• About this exercise:
Since pictures are not wanted in the copy, output only the rest of each record exactly.

(Dataset extract begins)

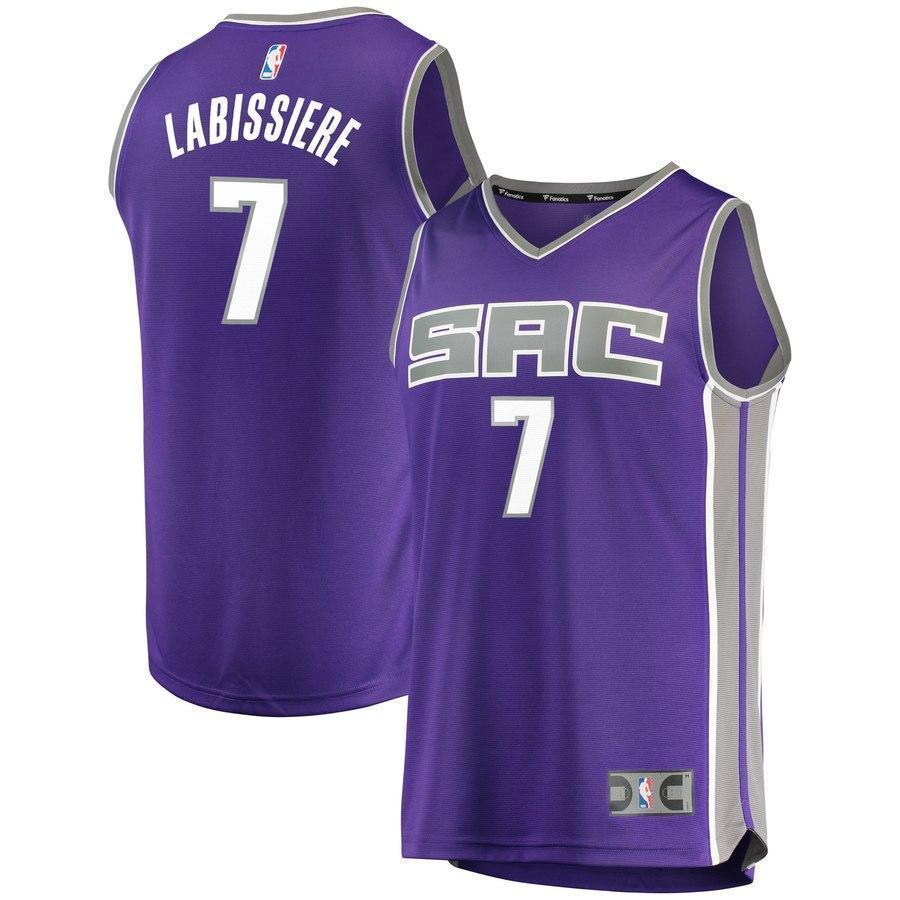 7-Skal Labissiere Sacramento Kings  Player Jersey - Purple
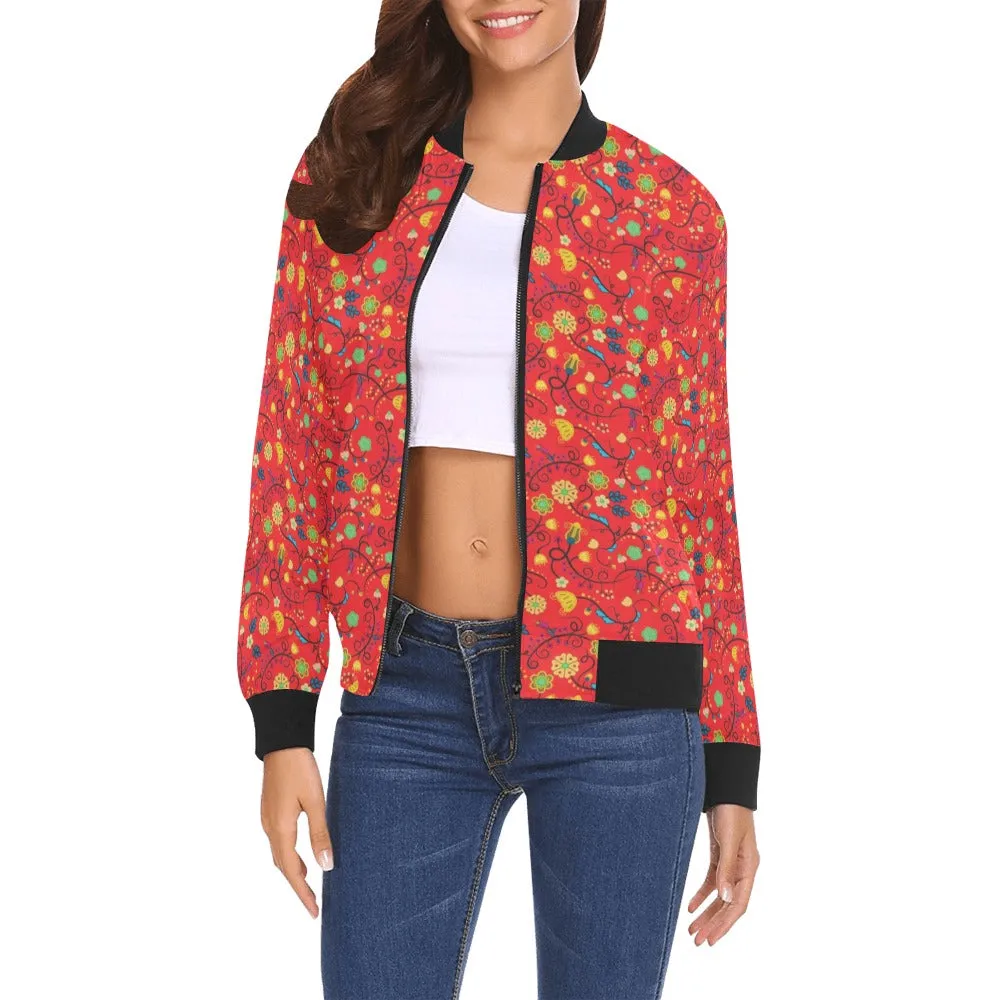 Nipin Blossom Fire Bomber Jacket for Women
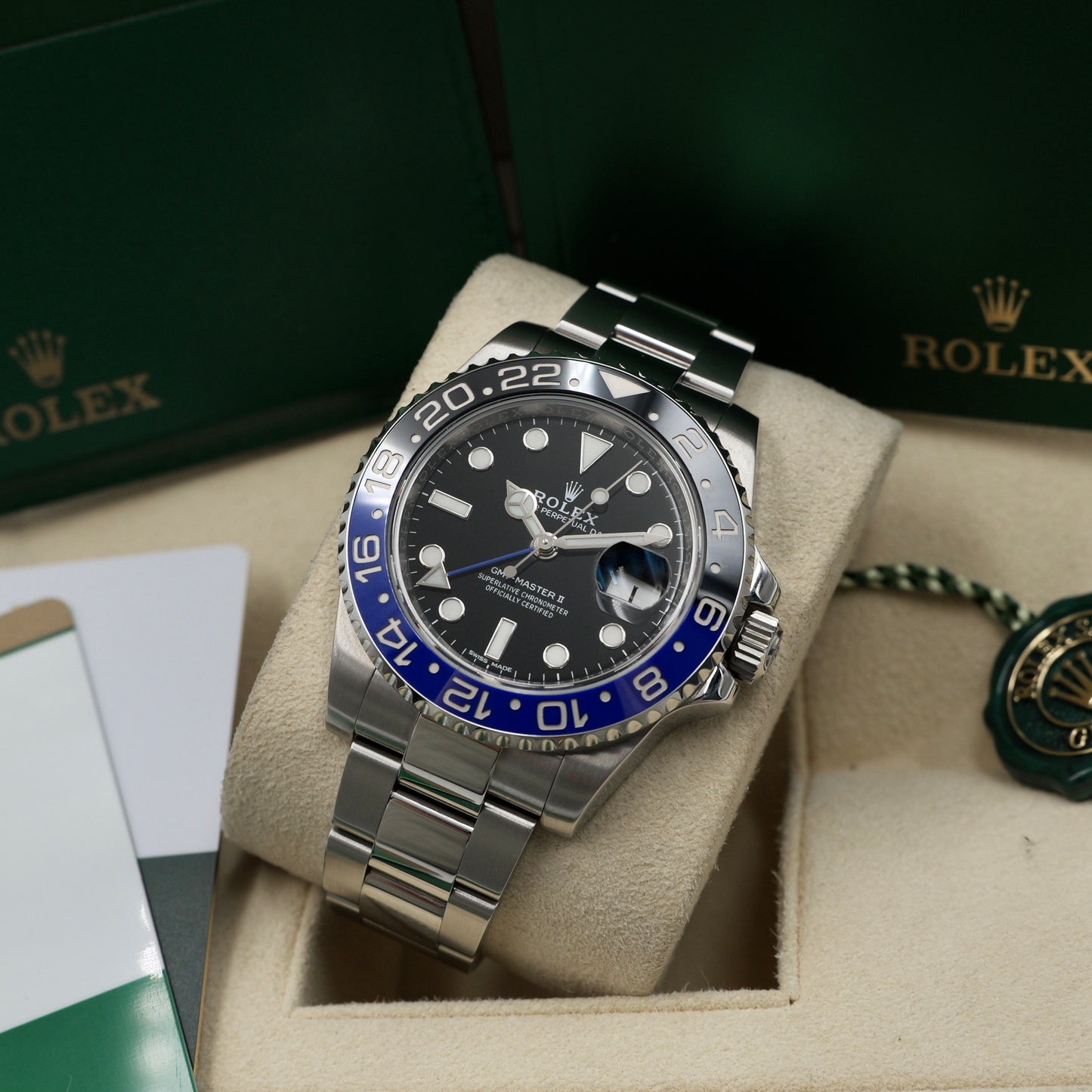 Rolex GMT-Master II Batman 116710BLNR - Full Set (2017)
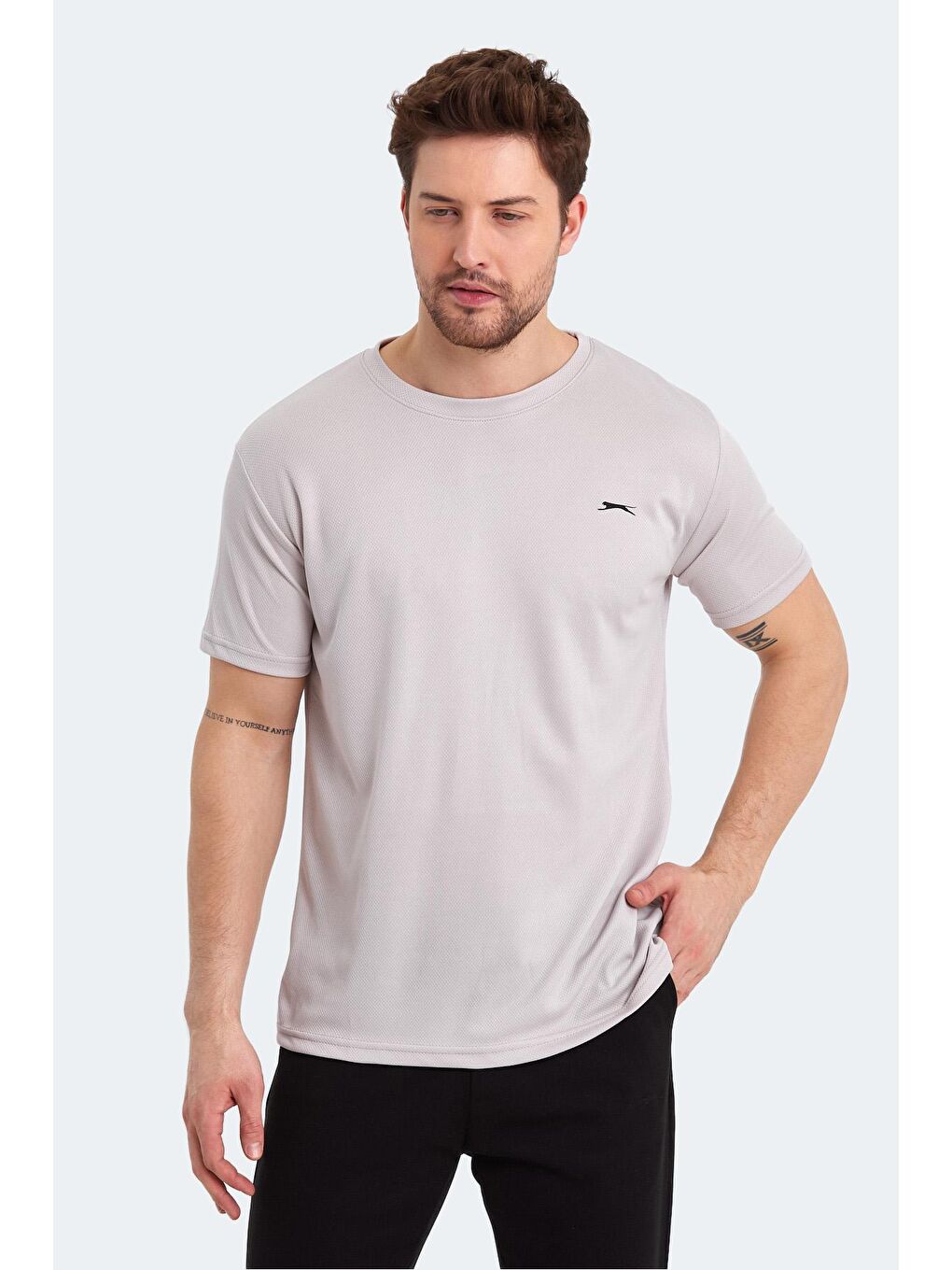 SLAZENGER Bej ODALIS I Erkek T-Shirt Bej - 3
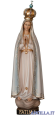 Madonna di Fatima pellegrina con corona in legno olio
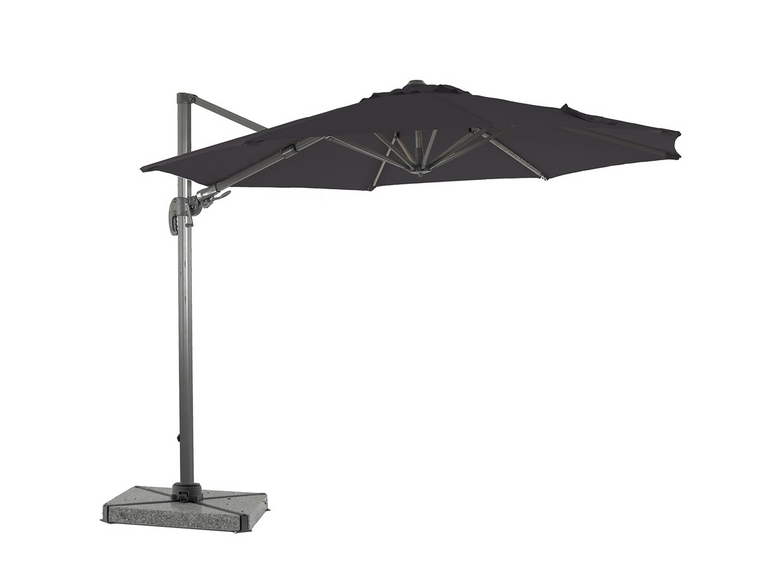 Bramblecrest Chichester Grey 3.0m Round Cantilever Parasol, Granite Base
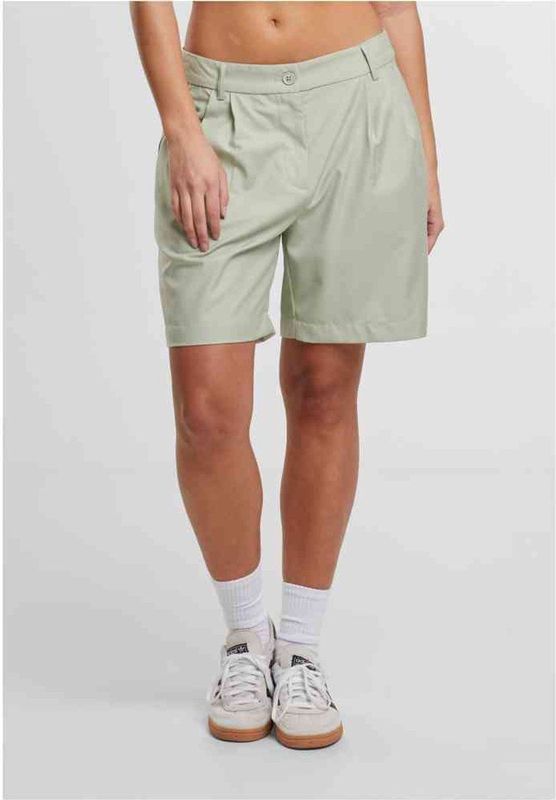 URBAN CLASSICS - Getailleerde 3/4 Broek - Zwart - Katoen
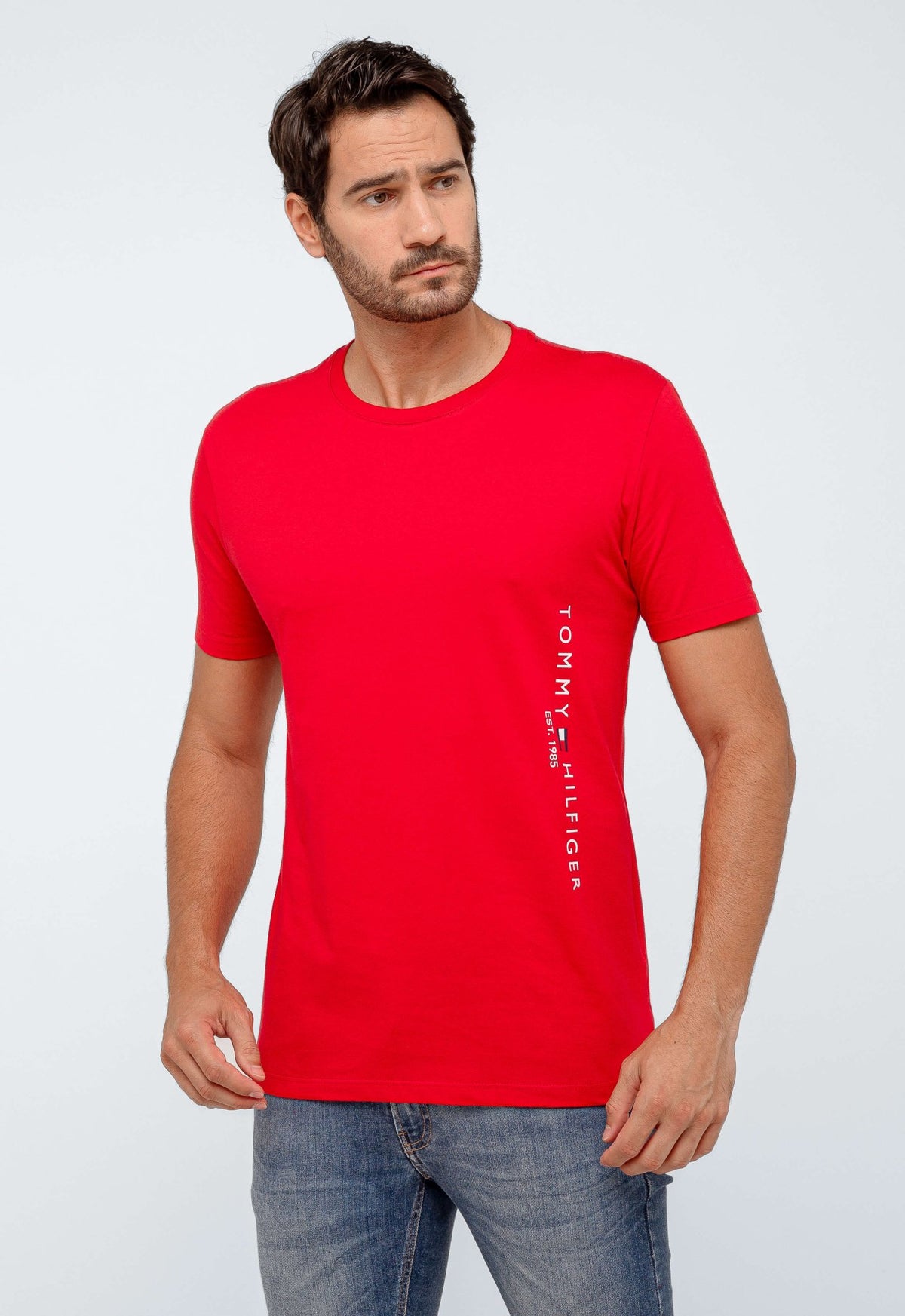 Camiseta Tommy Hilfiger Escrita Lateral - Live - Henri Store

(Dataset extract ends)

• Exercise response:
 7-Skal Labissiere Sacramento Kings  Player Jersey - Purple
 Nipin Blossom Fire Bomber Jacket for Women
 Rolex GMT-Master II Batman 116710BLNR - Full Set (2017)
 SLAZENGER Bej ODALIS I Erkek T-Shirt Bej - 3
 Madonna di Fatima pellegrina con corona in legno olio
 Bramblecrest Chichester Grey 3.0m Round Cantilever Parasol, Granite Base
 URBAN CLASSICS - Getailleerde 3/4 Broek - Zwart - Katoen
 Camiseta Tommy Hilfiger Escrita Lateral - Live - Henri Store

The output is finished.